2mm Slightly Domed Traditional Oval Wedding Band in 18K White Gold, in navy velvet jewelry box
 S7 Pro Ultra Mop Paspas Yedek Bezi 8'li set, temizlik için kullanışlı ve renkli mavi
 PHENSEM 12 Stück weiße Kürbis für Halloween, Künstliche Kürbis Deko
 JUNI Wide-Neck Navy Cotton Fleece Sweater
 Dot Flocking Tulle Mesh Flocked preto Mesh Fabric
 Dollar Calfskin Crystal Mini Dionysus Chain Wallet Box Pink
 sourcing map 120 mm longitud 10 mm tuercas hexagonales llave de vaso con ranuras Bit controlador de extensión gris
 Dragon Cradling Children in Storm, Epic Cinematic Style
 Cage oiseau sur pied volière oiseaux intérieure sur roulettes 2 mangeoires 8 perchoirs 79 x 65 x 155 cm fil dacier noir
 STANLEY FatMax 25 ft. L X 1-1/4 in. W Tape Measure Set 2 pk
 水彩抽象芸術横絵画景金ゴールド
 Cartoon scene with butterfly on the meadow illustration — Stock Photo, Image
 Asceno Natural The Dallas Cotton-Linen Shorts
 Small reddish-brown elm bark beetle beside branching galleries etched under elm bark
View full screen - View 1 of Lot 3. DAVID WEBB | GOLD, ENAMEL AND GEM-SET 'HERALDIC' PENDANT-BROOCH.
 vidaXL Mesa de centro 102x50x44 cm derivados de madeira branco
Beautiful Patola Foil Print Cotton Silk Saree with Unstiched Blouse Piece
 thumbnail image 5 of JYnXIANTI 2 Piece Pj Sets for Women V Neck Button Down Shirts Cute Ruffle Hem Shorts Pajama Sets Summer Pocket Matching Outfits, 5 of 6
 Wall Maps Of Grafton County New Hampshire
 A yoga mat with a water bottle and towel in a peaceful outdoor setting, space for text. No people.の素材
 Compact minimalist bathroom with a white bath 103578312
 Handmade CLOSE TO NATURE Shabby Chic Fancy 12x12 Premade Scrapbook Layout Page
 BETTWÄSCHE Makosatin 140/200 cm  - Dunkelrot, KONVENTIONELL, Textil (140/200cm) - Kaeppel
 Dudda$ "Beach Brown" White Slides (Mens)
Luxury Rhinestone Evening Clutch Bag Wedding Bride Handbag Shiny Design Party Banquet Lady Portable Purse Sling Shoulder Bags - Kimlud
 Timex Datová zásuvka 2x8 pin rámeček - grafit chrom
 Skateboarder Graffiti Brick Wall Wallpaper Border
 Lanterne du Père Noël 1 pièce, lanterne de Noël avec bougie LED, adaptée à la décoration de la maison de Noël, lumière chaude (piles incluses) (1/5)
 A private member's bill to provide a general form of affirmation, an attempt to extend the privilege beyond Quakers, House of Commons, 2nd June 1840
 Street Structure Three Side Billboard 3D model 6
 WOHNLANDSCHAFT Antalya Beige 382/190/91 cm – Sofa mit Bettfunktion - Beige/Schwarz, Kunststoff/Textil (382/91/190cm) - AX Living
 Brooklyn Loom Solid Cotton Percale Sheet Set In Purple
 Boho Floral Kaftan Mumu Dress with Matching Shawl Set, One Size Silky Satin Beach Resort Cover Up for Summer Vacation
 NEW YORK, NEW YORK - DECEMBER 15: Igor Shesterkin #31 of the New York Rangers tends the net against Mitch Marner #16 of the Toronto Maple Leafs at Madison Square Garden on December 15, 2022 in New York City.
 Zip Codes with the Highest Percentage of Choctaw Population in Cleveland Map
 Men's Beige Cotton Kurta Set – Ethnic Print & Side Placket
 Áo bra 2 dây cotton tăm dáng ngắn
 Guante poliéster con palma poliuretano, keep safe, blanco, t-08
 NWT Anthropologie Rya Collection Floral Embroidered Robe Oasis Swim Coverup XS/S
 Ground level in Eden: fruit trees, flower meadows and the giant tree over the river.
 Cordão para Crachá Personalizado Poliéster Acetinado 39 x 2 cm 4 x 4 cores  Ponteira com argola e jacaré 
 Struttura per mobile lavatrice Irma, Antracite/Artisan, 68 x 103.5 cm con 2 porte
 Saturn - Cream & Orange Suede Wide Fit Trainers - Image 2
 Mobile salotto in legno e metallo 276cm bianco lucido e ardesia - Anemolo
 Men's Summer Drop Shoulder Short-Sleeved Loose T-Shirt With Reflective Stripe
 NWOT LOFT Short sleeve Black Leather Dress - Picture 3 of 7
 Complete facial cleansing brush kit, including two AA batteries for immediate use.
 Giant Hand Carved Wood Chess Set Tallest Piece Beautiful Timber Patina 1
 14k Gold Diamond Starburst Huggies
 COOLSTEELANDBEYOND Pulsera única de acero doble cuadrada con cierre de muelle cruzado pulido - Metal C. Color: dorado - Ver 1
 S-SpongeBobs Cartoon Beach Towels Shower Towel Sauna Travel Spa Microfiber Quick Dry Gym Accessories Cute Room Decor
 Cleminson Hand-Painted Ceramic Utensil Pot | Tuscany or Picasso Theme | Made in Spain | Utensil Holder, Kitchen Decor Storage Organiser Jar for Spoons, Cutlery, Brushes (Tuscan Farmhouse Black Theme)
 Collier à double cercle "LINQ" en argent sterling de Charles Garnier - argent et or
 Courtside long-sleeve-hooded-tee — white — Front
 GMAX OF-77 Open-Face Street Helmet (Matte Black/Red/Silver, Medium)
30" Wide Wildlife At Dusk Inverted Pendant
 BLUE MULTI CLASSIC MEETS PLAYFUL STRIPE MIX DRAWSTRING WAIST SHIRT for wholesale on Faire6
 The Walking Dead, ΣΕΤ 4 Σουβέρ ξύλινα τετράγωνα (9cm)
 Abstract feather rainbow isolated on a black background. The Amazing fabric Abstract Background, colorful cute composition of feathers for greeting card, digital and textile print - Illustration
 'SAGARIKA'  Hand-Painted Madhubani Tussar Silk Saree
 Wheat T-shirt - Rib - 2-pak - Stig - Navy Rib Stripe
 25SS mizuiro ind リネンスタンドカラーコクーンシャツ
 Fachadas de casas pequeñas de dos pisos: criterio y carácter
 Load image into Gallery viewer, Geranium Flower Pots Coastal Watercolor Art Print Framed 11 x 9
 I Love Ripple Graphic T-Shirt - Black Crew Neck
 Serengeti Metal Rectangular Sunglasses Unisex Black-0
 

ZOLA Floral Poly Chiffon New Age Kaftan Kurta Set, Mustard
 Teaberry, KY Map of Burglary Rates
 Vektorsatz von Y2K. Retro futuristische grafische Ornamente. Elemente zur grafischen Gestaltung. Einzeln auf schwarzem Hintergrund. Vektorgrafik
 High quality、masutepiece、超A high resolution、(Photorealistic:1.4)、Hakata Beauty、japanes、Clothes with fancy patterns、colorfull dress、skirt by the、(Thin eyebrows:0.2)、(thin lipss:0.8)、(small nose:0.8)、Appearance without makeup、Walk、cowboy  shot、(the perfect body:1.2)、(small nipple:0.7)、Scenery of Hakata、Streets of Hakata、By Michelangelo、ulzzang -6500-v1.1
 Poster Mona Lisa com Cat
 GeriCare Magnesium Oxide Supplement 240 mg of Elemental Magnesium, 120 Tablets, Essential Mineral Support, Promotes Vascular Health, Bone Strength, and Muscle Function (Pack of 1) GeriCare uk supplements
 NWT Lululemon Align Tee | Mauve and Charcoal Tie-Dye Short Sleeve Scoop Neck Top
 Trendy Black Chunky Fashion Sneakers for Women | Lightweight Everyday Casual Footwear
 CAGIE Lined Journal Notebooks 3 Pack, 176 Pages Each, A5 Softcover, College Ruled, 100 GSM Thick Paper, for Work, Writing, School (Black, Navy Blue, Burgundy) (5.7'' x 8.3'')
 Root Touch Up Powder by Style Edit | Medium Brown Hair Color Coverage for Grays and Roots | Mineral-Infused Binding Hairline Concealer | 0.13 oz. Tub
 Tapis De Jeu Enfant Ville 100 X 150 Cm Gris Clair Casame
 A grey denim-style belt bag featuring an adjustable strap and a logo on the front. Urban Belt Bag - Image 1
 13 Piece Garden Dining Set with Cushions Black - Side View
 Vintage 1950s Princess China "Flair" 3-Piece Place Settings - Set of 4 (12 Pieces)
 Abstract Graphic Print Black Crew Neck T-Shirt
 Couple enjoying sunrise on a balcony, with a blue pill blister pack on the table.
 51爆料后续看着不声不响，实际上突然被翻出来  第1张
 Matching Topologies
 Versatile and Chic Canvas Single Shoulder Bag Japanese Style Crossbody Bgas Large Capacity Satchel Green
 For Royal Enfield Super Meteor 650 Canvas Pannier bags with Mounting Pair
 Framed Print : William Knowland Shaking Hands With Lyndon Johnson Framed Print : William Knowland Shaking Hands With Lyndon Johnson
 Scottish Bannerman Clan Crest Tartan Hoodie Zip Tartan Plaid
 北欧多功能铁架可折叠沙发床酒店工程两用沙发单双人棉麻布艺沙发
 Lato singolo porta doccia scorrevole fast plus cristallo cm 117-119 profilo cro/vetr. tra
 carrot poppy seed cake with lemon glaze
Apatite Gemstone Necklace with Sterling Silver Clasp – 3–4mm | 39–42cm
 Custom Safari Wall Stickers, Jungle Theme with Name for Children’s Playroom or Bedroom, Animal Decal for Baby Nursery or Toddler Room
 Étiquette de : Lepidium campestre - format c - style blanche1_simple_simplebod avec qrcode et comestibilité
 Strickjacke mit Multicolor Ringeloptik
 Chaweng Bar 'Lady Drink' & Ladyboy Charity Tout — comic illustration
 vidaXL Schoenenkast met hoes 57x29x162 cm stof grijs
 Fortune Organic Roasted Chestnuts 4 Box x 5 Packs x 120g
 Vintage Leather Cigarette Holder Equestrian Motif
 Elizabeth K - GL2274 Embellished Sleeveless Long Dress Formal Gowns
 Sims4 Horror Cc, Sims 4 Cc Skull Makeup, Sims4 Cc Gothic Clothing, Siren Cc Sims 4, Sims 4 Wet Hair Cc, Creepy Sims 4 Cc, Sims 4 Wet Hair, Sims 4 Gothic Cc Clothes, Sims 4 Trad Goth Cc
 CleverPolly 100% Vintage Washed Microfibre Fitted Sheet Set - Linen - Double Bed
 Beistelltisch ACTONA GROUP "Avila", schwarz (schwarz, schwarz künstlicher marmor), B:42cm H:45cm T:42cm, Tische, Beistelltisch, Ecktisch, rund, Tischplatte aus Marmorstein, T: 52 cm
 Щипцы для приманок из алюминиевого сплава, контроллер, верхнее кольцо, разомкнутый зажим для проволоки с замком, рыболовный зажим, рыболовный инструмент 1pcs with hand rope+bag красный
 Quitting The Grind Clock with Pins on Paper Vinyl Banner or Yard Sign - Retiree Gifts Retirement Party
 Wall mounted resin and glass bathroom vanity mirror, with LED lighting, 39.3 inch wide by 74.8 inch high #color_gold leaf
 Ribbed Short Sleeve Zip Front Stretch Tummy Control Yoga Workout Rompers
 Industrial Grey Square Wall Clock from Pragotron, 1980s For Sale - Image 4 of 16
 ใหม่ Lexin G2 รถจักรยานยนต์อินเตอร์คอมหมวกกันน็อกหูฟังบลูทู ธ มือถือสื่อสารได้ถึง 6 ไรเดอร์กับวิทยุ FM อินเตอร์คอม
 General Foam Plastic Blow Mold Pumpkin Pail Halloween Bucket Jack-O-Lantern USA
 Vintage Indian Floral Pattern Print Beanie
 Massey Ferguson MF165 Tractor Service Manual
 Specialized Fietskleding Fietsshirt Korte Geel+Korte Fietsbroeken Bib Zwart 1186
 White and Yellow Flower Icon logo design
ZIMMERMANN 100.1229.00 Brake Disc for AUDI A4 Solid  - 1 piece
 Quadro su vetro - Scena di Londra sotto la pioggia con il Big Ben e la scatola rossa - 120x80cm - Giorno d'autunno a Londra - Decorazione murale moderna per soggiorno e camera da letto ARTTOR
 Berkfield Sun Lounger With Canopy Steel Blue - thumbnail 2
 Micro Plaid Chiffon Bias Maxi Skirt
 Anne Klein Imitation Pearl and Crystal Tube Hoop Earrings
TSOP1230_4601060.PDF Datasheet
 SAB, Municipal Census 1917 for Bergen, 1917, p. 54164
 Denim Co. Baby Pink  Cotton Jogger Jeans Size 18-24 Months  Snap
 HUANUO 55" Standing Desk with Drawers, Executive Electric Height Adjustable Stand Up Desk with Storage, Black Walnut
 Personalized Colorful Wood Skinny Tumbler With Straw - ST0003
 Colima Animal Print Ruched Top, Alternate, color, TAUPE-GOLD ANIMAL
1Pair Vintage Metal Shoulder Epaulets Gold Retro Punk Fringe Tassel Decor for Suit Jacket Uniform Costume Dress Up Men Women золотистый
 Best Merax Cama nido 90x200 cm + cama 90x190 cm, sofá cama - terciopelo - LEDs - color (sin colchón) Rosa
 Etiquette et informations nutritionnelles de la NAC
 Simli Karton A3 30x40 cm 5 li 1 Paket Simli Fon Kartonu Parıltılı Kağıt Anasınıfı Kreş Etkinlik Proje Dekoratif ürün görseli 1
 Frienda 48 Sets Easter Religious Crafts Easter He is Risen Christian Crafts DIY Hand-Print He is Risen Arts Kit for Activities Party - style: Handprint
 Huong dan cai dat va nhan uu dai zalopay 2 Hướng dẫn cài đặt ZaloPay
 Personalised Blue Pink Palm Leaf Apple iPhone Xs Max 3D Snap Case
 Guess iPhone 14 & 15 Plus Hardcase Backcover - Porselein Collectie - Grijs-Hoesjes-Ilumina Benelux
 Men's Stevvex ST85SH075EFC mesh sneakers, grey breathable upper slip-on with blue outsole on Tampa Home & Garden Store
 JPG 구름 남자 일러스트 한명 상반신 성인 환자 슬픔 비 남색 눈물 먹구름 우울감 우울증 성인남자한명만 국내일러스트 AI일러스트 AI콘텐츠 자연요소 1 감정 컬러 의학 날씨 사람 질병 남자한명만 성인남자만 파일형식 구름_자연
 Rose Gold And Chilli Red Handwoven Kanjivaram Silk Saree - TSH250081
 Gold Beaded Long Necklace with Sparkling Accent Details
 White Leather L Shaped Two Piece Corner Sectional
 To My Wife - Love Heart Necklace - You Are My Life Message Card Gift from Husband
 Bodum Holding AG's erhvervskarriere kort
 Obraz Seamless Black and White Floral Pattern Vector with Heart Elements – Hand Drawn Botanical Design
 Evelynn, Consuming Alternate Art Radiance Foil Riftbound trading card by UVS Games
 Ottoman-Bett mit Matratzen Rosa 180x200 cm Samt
• • • • • • •
The expected result is a copy of each line in the records where "Shoulder" appears.

SOLUTION BELOW:
Luxury Rhinestone Evening Clutch Bag Wedding Bride Handbag Shiny Design Party Banquet Lady Portable Purse Sling Shoulder Bags - Kimlud
 Men's Summer Drop Shoulder Short-Sleeved Loose T-Shirt With Reflective Stripe
 Versatile and Chic Canvas Single Shoulder Bag Japanese Style Crossbody Bgas Large Capacity Satchel Green
1Pair Vintage Metal Shoulder Epaulets Gold Retro Punk Fringe Tassel Decor for Suit Jacket Uniform Costume Dress Up Men Women золотистый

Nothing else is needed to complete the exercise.